A dívida pública é compilada de forma consolidada, pelo que não inclui as dívidas de entidades das administrações públicas que sejam detidas por outras entidades das administrações públicas.

Segundo Carlos Rosado de Carvalho , “um dos problemas que temos é que estamos a recomeçar a pagar agora o serviço da dívida pública, que tinha sido suspenso”. O pagamento da dívida pública “não é nenhuma novidade, porque já sabíamos quando é que íamos retomar o pagamento da dívida, e o que o Governo fez foi gastar tudo ao invés de se preparar para a retoma do pagamento da dívida”.

Em África, a dívida pública e a inflação situam-se em níveis que não se verificavam há décadas, com uma inflação de dois dígitos em metade dos países – o que reduz o poder de compra das famílias e prejudica fortemente os mais vulneráveis.
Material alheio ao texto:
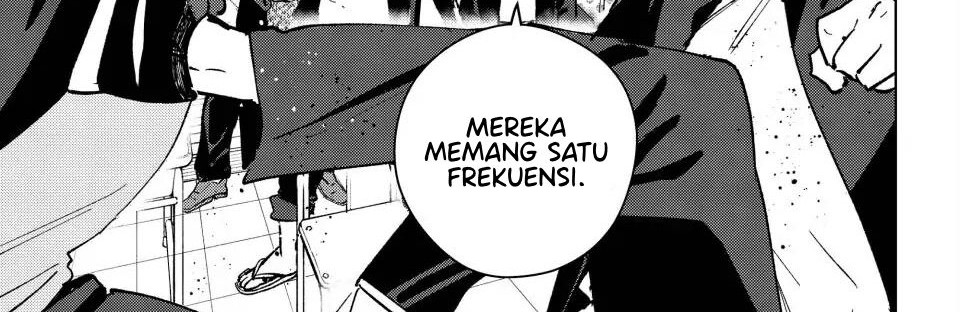 Halaman 240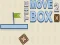 Move the Box 2 เกมออนไลน์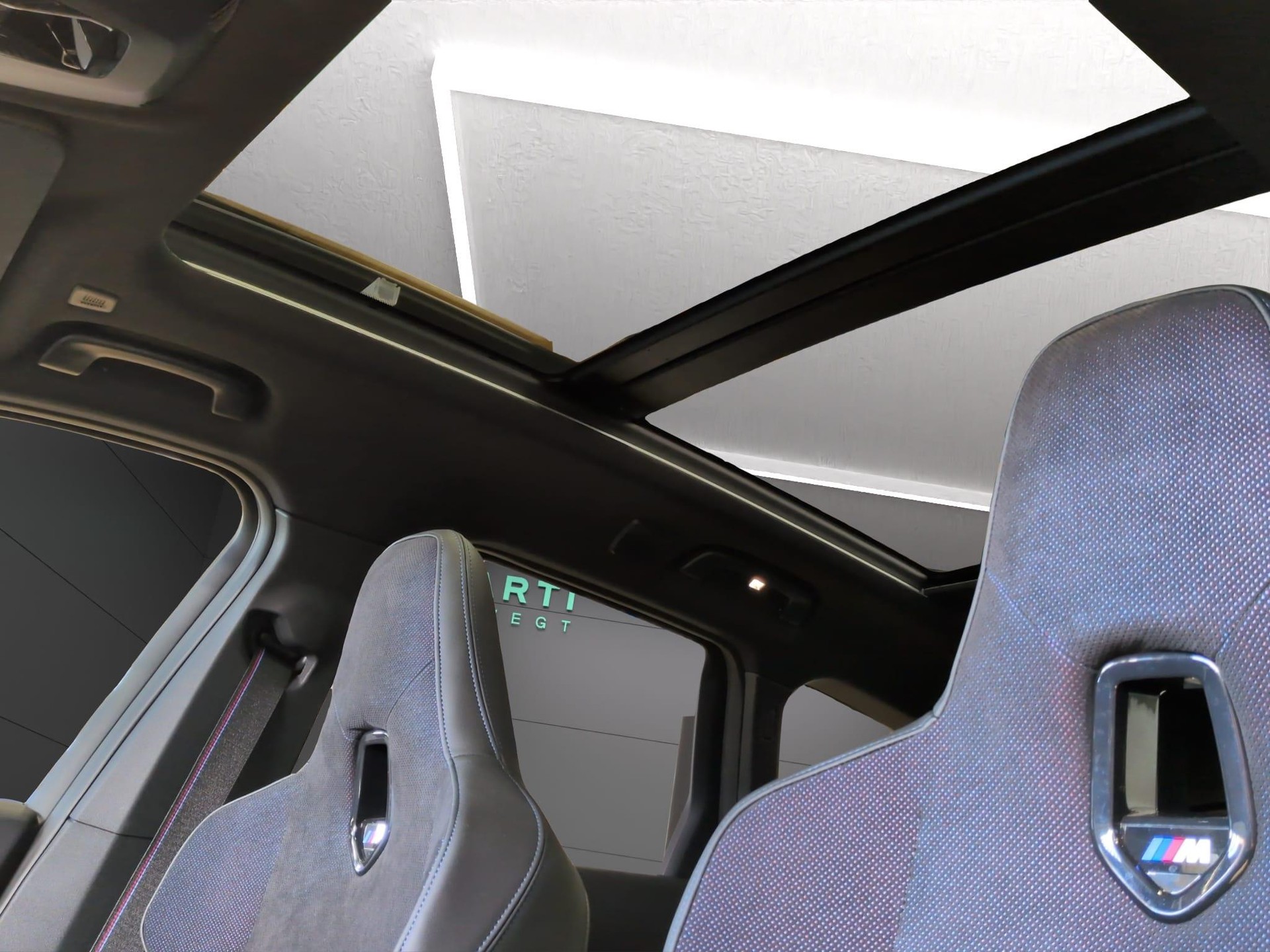 BMW X1 U11 M35i-image-20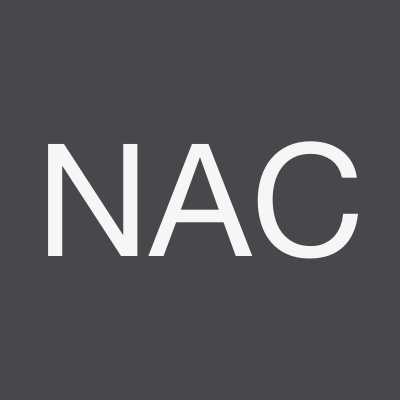 Nippon Animation Co. - Maison de Production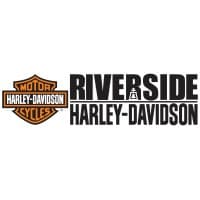 Riverside Harley-Davidson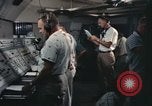 Image of Redstone Missile Cape Canaveral Florida USA, 1958, second 27 stock footage video 65675023489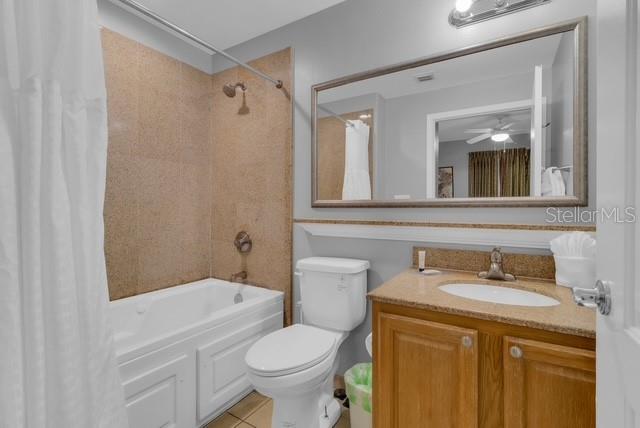 BLUE HERON BEACH RESIDENCE TOWER I - Residential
É, por isso, importante consolidar as finanças públicas e reforçar a gestão das finanças públicas num contexto de condições de financiamento difíceis. Para tal, as autoridades deveriam continuar a mobilizar as receitas públicas, melhorar a gestão dos riscos orçamentais e gerir a dívida de forma mais proactiva. Para os países que necessitam de reformular ou reestruturar a dívida, é imperativo que elaborem um quadro de resolução da dívida eficaz para criar espaço orçamental.